From my research, what you don’t want to do is allege ANY KIND OF CONSPIRACIES because you will not be able to prove them. Anyone who has tried to launch one of these claims in the courts out west gets the Cervantes case thrown back at them … trust me, Judge Teilborg is not your friend. I would personally like to have him investigated to find out what kind of mortgage loan interest rate he’s getting.
On another note, depending on the state you are in, the “proper party” defense is your best bet according to the rules of procedure for the venue you are in. Also understand there are a host of U.S. Supreme Court cases you can use to demonstrate:
(1) A protected property right must have some ascertainable monetary value.
If the “lender” has dipped into a portfolio that was a “loser” and was bailed out and received money, that needs to be exposed and proven to the court through discovery … without delving into securitization.

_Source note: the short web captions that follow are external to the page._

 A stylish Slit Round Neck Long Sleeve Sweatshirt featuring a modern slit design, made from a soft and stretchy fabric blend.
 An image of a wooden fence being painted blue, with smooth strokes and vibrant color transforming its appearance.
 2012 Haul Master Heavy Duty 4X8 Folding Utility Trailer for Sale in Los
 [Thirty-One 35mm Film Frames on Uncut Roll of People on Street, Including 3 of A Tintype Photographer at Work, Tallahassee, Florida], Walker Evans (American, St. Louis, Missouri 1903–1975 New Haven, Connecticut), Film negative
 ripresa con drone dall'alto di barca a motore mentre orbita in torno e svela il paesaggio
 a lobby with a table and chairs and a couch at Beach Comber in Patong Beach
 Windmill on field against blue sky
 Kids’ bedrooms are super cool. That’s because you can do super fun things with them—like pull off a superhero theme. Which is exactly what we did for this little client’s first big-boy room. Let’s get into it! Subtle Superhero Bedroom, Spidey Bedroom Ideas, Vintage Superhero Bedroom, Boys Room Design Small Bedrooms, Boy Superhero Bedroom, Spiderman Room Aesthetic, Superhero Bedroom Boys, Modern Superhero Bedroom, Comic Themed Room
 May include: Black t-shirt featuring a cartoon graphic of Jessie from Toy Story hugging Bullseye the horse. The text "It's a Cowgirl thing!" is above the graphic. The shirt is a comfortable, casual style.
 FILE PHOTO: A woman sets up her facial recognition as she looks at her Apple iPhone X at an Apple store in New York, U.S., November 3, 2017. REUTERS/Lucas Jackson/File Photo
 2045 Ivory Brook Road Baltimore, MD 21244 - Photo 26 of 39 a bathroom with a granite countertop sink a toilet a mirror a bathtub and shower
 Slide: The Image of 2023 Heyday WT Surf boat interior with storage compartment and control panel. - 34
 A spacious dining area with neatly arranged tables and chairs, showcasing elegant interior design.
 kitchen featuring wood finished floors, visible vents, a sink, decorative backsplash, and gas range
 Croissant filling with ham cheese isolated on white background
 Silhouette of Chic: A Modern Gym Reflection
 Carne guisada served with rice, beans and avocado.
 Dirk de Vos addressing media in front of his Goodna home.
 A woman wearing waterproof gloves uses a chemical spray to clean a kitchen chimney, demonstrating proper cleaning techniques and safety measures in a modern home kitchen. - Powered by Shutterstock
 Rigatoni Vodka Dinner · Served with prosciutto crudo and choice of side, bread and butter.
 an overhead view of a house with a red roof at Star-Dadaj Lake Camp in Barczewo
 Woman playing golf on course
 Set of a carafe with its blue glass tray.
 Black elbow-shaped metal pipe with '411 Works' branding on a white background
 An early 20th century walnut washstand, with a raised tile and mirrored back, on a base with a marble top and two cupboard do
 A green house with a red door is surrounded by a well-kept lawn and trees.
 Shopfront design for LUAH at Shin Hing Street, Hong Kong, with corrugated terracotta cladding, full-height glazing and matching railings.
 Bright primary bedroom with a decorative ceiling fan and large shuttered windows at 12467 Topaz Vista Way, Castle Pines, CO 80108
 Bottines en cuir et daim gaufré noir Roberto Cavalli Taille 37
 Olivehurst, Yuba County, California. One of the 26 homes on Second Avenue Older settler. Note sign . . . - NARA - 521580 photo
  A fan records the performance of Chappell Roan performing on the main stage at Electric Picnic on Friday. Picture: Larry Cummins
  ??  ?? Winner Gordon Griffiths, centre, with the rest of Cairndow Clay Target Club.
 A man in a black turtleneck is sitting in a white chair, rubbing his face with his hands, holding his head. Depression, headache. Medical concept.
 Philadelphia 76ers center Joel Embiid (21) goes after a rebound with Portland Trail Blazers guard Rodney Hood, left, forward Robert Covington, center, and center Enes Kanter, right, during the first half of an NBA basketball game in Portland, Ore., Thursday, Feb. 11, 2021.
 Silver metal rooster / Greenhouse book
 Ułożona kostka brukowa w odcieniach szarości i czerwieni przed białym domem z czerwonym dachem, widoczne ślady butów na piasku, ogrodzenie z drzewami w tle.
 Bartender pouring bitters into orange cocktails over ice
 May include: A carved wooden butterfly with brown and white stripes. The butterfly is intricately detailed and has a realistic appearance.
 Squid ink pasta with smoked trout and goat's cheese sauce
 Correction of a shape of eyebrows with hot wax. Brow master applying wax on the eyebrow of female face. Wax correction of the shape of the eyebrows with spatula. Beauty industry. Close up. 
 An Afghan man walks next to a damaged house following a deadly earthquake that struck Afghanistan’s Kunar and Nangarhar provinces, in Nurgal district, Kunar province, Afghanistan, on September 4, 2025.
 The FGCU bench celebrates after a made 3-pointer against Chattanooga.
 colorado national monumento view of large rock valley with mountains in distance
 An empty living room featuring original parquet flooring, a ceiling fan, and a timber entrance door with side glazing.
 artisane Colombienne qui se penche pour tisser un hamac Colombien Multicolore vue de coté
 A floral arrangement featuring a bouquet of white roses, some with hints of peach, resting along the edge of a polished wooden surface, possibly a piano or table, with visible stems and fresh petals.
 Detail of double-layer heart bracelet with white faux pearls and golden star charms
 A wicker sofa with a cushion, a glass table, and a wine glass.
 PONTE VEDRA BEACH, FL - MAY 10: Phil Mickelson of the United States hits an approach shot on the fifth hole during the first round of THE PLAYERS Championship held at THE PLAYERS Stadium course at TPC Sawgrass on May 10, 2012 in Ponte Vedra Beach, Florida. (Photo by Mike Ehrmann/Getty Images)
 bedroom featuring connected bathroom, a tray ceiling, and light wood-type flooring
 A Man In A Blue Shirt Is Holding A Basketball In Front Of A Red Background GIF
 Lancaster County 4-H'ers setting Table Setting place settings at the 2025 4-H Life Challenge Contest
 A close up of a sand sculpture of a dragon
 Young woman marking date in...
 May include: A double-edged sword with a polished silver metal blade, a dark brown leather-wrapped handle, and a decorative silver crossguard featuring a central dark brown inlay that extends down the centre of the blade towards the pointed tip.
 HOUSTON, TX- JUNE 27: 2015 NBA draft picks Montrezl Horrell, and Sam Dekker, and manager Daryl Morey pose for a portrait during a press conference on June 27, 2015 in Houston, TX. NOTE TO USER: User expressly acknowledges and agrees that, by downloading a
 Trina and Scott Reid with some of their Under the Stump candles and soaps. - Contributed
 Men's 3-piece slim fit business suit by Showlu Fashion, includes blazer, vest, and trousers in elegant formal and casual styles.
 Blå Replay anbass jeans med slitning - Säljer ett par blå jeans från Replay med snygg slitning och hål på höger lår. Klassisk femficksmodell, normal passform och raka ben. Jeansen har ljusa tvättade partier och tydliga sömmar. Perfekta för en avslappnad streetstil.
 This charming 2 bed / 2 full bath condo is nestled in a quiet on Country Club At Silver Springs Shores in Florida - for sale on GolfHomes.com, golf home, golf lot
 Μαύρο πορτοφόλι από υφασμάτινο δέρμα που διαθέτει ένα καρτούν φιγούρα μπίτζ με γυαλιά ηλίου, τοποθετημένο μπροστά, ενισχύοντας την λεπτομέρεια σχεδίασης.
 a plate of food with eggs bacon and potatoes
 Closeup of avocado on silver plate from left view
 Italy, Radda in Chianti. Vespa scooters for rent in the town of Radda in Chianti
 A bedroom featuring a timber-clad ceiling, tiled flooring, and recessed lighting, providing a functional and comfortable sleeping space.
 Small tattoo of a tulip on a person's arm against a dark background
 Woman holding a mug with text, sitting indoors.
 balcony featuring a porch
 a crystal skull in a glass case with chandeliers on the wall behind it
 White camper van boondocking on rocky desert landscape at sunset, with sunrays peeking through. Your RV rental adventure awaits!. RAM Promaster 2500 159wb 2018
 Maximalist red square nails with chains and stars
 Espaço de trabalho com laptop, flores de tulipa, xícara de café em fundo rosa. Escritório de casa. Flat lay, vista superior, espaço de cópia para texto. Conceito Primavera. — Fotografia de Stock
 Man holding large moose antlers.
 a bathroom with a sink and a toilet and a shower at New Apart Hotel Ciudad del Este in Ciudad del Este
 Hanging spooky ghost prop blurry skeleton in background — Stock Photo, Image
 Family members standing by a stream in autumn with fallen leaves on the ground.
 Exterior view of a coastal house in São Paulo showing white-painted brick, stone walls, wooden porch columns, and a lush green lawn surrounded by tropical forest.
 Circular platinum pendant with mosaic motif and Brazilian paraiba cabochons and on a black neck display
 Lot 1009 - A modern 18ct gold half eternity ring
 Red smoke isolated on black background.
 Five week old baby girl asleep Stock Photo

(2) An entitlement to a procedure does not constitute a protected property interest.
Just because a servicing lender has the right to service an account doesn’t mean they fall under the protections afforded by the Due Process Clause or the litmus test afforded through Mortgages Restatement (Third).
I have a case in Kansas right now that is about to be dismissed because the lender cannot produce original paperwork. They will follow this up with a quiet title action and have the lender’s lien extinguished.
In your instance, you need to attack the trusts that hold this “note” and get the trustee to move forward and see what actual role he plays in it. If any BAC officer acting as trustee signed off on his duties and transferred his duties to a trustee of a portfolio, his protected interest ends. If the same trustee sold the note again, then that trustee is committing fraud because he is acting outside the scope and capacity of his duties as trustee.
Thus, you must depose the trust. You should not proceed pro se unless you have the cajones to deal with this from a legal capacity; if not, get an attorney who gets it. This is not something you pursue lightly.
From a paralegal/investigative reporter’s standpoint, you are better off having a focused ally nailing this fraud rather than trying to battle Wall Street yourself.